Whether that foretells a time in the future or a time already past is debatable. It has been argued that the majority of Revelation referred to the upheavals in the Roman world of the first century, particularly the tragic events of AD 70 when the Romans invaded Jerusalem and destroyed the Jewish Temple, rather than the whole world of the future. See an article entitled: Dating and Interpreting Revelation.


Whether the prophecy was about the whole world, or mostly just about the Roman world of the first century AD, it sounds horrendous. But again, the Bible says God's punishments aren't always an end in themselves. The Book of Revelation does suggest that the reason for the infliction of the horrors it describes would be, at least partly, to turn people from evil ways back to God. However, it also indicates that many people wouldn't turn to God. After prophesying more terrible things, it says:

(Revelation chapter 9, GWT)

20 The people who survived these plagues still did not turn [to God] and change the way they were thinking and acting. If they had, they would have stopped worshipping demons and idols made of gold, silver, bronze, stone, and wood, which cannot see, hear, or walk. 21 They did not turn away from committing murder, practising witchcraft, sinning sexually, or stealing.


If God still works today in the same way as we're led to believe he did in Old Testament times, people need to be warned about it. I find the descriptions of what Old Testament prophets said was about to happen offensive. But I think they're worth some people knowing about.

Maybe if in places where there are wars today, large numbers of people turned to God and became obedient to his commands, their countries would grow much more peaceful and prosperous, to a large extent because they'd become peaceful as a result of their adherence to Christianity or at least some other ethical system and so their countries would have more of a chance to grow prosperous, because they'd be working on developing their country's infrastructure, resources and capabilities rather than fighting each other and destroying such things, and the peace would also attract foreign investors who could provide employment and thus help to make the country more wealthy - foreign investors who would have considered it too risky to bother setting up premises where they might only be destroyed by war before.

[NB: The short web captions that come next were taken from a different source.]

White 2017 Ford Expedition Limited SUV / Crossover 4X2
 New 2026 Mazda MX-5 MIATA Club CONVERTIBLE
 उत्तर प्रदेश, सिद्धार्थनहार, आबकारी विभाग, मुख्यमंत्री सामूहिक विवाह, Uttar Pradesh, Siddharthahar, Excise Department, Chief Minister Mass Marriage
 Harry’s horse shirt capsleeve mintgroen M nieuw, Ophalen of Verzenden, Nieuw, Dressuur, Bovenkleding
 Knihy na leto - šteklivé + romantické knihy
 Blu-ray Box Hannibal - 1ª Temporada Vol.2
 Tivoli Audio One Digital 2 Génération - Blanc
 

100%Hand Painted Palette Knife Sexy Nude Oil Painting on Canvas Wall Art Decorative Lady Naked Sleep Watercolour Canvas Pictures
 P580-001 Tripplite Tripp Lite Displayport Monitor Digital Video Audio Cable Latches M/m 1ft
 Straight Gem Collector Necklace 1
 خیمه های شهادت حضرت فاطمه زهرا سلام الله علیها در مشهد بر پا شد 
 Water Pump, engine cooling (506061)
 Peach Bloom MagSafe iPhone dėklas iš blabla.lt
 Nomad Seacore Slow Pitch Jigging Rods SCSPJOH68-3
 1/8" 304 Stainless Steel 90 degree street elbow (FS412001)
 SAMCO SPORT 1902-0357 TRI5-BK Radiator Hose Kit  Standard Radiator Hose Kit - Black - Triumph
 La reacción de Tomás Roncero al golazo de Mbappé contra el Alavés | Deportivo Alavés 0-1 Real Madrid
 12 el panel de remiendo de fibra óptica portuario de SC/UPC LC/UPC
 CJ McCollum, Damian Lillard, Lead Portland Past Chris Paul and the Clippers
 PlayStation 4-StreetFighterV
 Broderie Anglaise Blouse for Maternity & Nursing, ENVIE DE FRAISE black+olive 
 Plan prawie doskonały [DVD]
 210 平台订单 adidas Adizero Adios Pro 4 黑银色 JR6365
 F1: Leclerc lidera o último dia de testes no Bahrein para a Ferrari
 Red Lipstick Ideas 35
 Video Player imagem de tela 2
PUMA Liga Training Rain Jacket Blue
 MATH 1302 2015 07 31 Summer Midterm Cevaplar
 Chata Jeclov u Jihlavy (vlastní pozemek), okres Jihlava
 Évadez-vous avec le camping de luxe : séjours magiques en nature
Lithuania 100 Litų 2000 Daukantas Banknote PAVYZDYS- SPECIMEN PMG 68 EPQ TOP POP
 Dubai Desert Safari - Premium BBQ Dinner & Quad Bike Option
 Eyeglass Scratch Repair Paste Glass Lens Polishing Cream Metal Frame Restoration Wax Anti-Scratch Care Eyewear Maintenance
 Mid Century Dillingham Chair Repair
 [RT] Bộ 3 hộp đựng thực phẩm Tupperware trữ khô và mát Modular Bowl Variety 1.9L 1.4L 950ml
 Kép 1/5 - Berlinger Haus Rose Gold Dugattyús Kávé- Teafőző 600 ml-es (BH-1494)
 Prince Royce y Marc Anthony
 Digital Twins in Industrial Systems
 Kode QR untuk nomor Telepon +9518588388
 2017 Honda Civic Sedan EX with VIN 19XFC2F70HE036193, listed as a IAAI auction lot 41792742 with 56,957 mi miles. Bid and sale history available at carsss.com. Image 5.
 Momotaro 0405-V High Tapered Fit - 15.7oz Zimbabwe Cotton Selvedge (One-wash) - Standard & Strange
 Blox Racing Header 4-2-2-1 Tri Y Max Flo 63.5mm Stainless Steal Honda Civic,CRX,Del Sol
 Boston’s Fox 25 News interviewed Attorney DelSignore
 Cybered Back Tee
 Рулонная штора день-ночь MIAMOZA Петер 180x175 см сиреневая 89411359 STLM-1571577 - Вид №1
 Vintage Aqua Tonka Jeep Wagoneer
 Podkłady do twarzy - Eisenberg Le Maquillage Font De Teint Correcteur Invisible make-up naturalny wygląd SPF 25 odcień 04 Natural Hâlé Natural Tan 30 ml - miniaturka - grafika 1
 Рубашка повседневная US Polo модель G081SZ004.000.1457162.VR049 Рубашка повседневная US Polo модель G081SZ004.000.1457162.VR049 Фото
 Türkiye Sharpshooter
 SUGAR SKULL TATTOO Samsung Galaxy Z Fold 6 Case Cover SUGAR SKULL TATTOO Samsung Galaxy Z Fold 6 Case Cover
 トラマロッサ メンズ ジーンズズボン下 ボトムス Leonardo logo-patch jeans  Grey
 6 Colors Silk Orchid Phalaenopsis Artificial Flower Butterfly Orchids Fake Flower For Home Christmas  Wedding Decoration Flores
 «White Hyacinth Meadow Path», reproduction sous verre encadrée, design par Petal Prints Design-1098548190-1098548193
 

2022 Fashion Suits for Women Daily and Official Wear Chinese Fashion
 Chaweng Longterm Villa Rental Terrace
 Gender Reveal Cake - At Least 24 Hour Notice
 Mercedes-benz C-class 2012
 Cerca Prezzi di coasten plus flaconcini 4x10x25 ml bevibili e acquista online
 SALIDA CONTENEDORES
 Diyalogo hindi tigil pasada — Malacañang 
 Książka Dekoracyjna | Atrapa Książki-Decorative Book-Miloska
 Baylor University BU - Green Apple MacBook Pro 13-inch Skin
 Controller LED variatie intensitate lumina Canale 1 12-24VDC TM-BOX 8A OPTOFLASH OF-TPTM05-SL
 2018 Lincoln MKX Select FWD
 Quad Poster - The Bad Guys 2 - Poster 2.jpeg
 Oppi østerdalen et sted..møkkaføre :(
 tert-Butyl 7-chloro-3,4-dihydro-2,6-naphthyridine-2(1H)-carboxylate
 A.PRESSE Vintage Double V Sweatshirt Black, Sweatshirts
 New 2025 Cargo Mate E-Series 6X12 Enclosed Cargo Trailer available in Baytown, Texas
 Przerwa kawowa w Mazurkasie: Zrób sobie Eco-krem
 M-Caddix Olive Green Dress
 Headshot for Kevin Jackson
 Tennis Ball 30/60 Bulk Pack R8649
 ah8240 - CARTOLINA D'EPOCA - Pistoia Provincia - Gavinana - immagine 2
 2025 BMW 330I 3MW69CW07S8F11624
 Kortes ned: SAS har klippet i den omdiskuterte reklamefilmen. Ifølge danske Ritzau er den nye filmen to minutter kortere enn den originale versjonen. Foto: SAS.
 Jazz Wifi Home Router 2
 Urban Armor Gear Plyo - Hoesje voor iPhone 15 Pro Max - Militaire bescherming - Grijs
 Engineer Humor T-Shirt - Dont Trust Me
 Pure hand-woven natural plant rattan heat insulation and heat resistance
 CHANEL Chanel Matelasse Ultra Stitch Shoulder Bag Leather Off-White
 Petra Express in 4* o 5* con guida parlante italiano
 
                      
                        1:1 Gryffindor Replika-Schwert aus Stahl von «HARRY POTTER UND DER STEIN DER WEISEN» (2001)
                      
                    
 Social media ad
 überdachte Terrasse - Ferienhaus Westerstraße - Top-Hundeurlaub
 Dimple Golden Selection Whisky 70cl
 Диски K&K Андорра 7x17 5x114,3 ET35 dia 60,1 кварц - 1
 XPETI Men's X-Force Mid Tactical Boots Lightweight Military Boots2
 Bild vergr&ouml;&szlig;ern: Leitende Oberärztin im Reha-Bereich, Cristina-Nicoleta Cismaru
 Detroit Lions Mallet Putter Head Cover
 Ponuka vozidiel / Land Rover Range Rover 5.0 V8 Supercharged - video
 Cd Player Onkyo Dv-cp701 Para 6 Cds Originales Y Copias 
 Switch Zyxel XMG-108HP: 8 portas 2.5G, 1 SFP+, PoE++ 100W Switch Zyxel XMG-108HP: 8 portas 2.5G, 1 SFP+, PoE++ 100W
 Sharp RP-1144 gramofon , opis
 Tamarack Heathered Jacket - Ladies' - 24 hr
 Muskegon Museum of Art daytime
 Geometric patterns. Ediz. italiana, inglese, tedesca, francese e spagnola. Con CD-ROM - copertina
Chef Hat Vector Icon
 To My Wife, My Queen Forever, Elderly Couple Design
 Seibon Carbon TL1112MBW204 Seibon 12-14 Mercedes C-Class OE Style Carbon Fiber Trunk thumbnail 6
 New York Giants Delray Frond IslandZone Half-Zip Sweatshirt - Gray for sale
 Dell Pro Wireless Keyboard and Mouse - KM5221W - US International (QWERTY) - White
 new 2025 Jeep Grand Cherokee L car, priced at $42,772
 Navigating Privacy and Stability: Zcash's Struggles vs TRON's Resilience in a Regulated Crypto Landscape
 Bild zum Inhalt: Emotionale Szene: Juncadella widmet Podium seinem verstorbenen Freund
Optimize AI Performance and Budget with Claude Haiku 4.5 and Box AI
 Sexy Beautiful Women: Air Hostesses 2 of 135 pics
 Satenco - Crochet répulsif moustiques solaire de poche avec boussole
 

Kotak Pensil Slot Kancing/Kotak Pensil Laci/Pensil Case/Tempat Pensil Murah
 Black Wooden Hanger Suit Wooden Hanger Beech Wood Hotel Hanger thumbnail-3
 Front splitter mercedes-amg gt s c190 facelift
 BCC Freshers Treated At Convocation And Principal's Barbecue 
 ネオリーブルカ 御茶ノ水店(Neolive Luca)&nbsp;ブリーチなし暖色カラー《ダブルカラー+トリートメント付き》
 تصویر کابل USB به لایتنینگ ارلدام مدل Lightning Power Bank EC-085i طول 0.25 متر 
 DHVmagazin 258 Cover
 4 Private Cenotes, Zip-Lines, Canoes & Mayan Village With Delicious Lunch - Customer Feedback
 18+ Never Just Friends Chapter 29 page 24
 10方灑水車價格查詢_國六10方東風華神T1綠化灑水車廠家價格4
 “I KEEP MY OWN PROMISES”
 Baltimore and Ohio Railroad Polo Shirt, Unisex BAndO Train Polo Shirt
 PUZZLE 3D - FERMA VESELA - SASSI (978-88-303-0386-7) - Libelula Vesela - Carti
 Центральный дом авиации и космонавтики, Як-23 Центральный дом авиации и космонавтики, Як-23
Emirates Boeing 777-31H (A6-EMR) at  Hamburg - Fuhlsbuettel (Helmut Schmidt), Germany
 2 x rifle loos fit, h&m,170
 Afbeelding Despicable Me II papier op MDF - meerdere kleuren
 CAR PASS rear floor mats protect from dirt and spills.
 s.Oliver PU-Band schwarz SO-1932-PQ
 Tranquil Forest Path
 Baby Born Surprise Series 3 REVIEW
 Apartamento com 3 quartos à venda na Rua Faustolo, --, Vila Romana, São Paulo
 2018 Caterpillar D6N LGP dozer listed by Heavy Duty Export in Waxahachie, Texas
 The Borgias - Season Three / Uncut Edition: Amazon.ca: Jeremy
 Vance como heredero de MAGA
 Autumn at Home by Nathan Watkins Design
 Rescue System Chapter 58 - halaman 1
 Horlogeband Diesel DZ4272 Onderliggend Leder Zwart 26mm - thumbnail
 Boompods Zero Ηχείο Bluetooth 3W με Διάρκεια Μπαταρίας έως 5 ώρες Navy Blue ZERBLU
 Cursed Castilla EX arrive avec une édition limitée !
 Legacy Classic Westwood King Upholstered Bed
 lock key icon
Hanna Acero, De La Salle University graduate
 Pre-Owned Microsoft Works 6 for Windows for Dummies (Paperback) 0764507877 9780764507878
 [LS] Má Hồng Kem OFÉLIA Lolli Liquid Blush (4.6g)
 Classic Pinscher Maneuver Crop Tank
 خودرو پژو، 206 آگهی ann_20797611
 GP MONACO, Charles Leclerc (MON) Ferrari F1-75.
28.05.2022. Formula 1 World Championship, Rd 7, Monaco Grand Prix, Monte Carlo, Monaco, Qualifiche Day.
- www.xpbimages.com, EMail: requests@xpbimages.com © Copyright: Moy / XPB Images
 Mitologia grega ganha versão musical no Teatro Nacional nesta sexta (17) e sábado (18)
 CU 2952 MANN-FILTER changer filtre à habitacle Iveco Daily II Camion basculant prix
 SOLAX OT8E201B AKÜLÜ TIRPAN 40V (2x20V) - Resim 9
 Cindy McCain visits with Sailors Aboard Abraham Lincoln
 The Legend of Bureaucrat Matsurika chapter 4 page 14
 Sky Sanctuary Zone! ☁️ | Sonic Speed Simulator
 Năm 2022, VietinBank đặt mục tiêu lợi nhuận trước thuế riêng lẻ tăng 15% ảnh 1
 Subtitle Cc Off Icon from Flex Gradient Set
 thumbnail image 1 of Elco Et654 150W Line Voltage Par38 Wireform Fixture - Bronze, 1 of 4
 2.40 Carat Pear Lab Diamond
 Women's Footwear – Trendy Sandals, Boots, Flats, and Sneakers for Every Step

Also, if parts of the Bible are to be believed, a country might also grow prosperous when many of its people turn from cruelty, because it's blessed by God in a way that would precipitate good fortune. It's been observed that virtually all the prosperous countries of the world are the ones formerly - or still - known as Christian countries, particularly the Protestant Christian countries where the Bible and its commands were held up as the Word of God more thoroughly than in some Catholic Countries, although grave injustices still happened there, and there may be much more down-to-earth reasons that can explain part or all of it, such as the climate being more conducive to good harvests which would enable people to concentrate on advancing themselves further than they would if they were forever working on trying to get the most out of their land.

But some countries where there is a lot of poverty are rich in mineral resources and oil if not in food production, and an ethical government would attempt to utilise the country's resources in ways that benefited the largest possible number of the people, by arranging for employment opportunities and paying decent wages to people who were working on exploiting the resources the country had, and selling them for food rather than spending profits primarily on things that were unlikely to benefit most people, such as hi-tech weaponry or luxuries for the elite; so they'd have a more equal society, instead of having a rich elite at the top and many people in abject poverty at the bottom. Adopting ethical values, which would in effect be adopting biblical ones, would mean a far greater number of their society could benefit.


How Jesus Suggests the Old Testament Genuinely Had God's Mark of Authority on It

But one question that has to be asked when thinking about Bible commands that don't, on the face of it, seem ethical, whatever their long-term purpose may have been said to have been, is: Was the Bible really written under the authority of God, as it claims to have been, or were people like Moses merely justifying their warlike commands and actions by claiming that the commands were given by God?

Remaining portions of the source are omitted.